La boca puede intervenir en la salida y entrada de diversos virus, por lo que disminuir temporalmente partículas virales en saliva es una hipótesis razonable para investigar. Sin embargo, la transmisión depende también de la nariz, las vías respiratorias, el momento de la infección, la conducta y las características de cada virus.
No debe confundirse con otro chicle experimental
El mismo laboratorio había trabajado con una formulación diferente que incorporaba la proteína CTB-ACE2 para atrapar SARS-CoV-2. Penn Dental informó en 2022 que ese desarrollo avanzaba hacia evaluación clínica.

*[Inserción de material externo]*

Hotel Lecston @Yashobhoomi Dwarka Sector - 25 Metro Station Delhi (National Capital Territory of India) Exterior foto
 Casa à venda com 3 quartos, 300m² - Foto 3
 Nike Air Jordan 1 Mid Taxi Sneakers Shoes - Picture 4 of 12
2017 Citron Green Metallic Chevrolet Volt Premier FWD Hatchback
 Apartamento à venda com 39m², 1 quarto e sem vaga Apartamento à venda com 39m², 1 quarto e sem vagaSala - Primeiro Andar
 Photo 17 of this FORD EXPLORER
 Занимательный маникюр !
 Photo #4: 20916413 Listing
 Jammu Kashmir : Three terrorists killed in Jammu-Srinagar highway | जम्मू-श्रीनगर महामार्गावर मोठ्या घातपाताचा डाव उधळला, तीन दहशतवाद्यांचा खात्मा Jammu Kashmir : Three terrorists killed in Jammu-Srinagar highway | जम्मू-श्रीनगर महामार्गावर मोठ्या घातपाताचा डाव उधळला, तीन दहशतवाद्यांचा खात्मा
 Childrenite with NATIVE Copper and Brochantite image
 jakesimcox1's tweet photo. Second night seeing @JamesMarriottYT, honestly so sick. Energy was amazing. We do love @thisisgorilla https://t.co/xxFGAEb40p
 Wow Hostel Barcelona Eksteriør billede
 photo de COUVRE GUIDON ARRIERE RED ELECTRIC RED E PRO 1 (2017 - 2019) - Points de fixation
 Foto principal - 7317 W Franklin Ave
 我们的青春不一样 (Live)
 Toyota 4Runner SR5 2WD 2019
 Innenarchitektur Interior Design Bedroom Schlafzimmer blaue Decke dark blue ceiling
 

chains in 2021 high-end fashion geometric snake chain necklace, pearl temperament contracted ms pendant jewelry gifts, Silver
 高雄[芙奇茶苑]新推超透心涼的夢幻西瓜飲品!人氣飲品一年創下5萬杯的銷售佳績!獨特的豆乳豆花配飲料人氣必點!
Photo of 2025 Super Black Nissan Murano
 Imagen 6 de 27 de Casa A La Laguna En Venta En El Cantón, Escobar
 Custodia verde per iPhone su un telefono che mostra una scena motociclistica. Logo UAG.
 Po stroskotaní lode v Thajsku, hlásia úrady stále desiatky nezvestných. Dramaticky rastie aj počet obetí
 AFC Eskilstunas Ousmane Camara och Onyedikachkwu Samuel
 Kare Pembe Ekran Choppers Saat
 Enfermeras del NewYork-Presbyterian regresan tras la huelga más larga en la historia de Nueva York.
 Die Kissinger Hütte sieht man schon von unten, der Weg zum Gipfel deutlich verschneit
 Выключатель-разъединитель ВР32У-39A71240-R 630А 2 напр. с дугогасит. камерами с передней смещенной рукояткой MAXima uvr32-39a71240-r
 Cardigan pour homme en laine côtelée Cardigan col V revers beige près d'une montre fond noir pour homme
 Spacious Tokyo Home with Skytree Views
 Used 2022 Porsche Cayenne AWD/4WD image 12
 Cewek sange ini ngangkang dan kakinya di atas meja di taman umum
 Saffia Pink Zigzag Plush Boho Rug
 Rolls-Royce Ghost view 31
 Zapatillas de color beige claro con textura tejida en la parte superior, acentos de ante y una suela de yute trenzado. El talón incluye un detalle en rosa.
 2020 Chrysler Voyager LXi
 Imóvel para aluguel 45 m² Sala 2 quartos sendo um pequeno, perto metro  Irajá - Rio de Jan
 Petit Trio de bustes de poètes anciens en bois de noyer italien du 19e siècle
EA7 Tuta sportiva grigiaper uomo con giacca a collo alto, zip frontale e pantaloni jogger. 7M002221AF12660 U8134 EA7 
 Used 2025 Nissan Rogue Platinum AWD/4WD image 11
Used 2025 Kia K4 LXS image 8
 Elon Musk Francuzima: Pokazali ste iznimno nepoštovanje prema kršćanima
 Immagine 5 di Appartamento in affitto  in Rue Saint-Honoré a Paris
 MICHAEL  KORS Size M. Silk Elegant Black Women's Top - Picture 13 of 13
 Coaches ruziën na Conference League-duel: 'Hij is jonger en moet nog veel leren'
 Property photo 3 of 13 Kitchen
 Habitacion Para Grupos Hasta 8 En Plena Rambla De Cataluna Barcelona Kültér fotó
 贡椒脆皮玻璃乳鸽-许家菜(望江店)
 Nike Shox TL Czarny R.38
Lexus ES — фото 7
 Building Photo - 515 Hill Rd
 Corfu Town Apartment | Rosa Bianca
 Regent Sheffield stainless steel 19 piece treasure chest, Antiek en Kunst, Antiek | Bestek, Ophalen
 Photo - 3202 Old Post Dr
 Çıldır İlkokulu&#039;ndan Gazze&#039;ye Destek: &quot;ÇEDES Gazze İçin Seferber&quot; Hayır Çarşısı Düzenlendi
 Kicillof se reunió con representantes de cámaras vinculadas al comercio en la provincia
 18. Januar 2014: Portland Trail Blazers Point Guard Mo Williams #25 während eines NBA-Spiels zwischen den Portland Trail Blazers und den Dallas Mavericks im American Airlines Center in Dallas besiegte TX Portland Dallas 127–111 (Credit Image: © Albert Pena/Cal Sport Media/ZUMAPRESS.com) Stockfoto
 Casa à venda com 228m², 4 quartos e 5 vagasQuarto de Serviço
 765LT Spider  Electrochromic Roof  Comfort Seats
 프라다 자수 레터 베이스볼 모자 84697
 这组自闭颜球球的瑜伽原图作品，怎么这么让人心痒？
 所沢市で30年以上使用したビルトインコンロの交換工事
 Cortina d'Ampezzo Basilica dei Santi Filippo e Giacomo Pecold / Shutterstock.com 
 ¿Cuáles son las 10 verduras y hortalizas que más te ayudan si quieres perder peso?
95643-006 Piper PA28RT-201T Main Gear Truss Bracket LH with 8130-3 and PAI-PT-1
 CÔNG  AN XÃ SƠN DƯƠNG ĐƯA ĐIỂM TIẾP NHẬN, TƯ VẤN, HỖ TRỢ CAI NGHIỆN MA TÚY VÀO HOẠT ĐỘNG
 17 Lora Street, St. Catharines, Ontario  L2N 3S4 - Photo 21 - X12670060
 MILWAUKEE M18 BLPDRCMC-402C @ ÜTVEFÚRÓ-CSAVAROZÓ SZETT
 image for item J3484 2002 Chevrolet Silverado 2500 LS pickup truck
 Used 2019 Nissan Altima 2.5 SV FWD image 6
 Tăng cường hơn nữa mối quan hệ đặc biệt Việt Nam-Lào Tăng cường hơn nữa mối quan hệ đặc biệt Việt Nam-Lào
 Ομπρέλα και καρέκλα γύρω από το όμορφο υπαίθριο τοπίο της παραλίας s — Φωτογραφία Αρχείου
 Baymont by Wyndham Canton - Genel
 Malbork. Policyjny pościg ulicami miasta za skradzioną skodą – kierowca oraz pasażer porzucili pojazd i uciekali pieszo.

El chicle de frijol lablab con FRIL y el chicle con CTB-ACE2 no son el mismo producto, y el estado de investigación de uno no debe trasladarse al otro.
Qué falta comprobar
- Que la proteína conserve su actividad y sea segura con uso repetido.
- Cuánto dura el efecto en saliva después de mascar el producto.
- Si la reducción medida en laboratorio se reproduce en personas infectadas.
- Si esa reducción cambia realmente la probabilidad de transmisión o la evolución de la enfermedad.
Análisis de Ciencia360
El interés de este trabajo está en convertir un compuesto vegetal en una intervención localizada y fácil de administrar. Su límite actual es igualmente claro: neutralizar virus en un ensayo no equivale a prevenir contagios en la vida real. Hasta contar con resultados clínicos, el chicle debe describirse como una plataforma experimental y no como sustituto de vacunas, tratamientos ni recomendaciones sanitarias.